Buyer Beware on SSL Certificates
This post comes from Peter Hesse. Peter knows a thing or two about SSL Certificates. With apologies, Peter submited this a while ago. The recent FireSheep hooplah triggered the SSL thought, which triggered this unrelated post.
by Peter Hesse (@pmhesse)
Earlier this week, a phone call from a friend drove me to write this on twitter:
I then received a few followup messages on twitter, and ended up responding to an SSL vendor by email, which in turn inspired me to write this post.
As background, I have worked in/around/with public key infrastructure (PKI) for nearly my entire professional career. My first software development job was working on a certification authority reference model for NIST in 1996.
So, I know a thing or two about SSL certificates. For example, I know they cost far less to create and maintain than SSL vendors typically charge. There is no additional burden on the issuer between the different levels of certificates: the costs of hardware, hosting, audit, etc. are very similar between the types of certificates (perhaps excluding extended validation or EV certificates).

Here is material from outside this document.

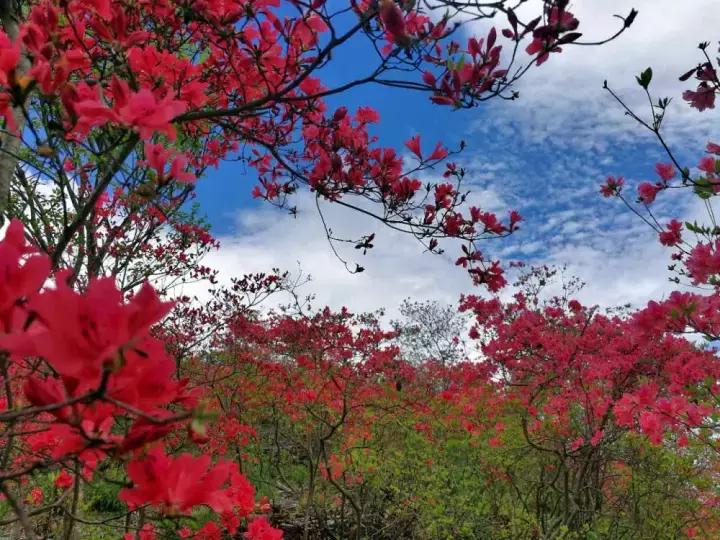 杜鹃花的鉴赏方法,关于杜鹃花的养护知识资料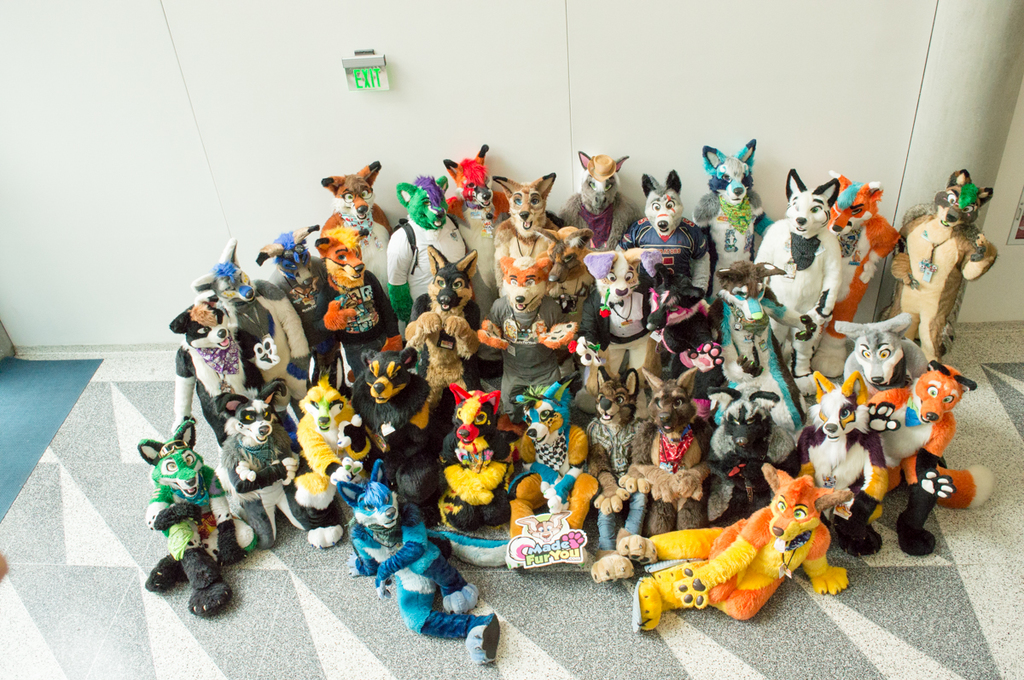 FC2016: The View from Above, Made Fur You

I can understand charging more based on the speed of issuance of the certificate, and the quality and depth of the validation performed to ensure the requestor works for the organization whose name will appear in the certificate. After all, you can usually only pick two of [faster | cheaper | better]. SSL certificate issuers are free to charge what they think people are willing to pay for certificates rather than trying to relate it to the actual cost of creation and management. That is their right, and it is my right to call them out when I feel the prices are ridiculous.
The "scam" of SSL certificates these days is that the sales representatives are being trained to use fear, uncertainty, and doubt to scare people into buying more expensive certificates than they need. The following is from a friend relaying his exchange with an SSL vendor: Sales rep stated our current certificate is hackable because it can go down to 40bit, explained that this makes us vulnerable. I argued
"I only allow 128-bit at the server", and he said "yes, but since your cert is only 40 bit it can still be compromised; you need a server gated cryptography certificate."
If you know what you are doing (security wise) you will block all weak cryptographic ciphers at your web server. This may prevent older browsers from being able to connect to your site, but will ensure the cryptographic strength is always high. The sales representative was trying to scare my friend into thinking this wouldn't do the trick, which is patently false. The following link gives some good reasons why SGC certificates are a bad idea and don't solve the weak encryption problem. Even the wikipedia entry for SGC calls SGC certificates "obsolete" (and no, I didn't just go edit that entry to say that... as far as you know, anyway *evil-arched-eyebrows*).
The sales representative also continued the discussion to try and convince my friend that one certificate wasn't enough. In discussing his configuration, he revealed he has many back-end servers which all sit behind an SSL-offloading load balancing proxy. The sales representative tried to convince him that he would now need to buy a certificate for each of the back-end servers to afford him the best protection. So instead of needing one or two certificates, my friend was going to need twenty! Yes, I think we all know that defense in depth is important and he should indeed use SSL between his proxy and the back-end servers. Paying $50-$1500 each for browser-trusted SSL certificates on the back end is just a flat-out waste of money.
Self-signed certificates, or certificates generated by an in-house PKI would provide at least the same level of security at a far reduced cost. So, there you have it. Make sure you know what you need before you try to buy an SSL certificate. The sales representatives are willing and able to charge you whatever they can scare you into believing you need.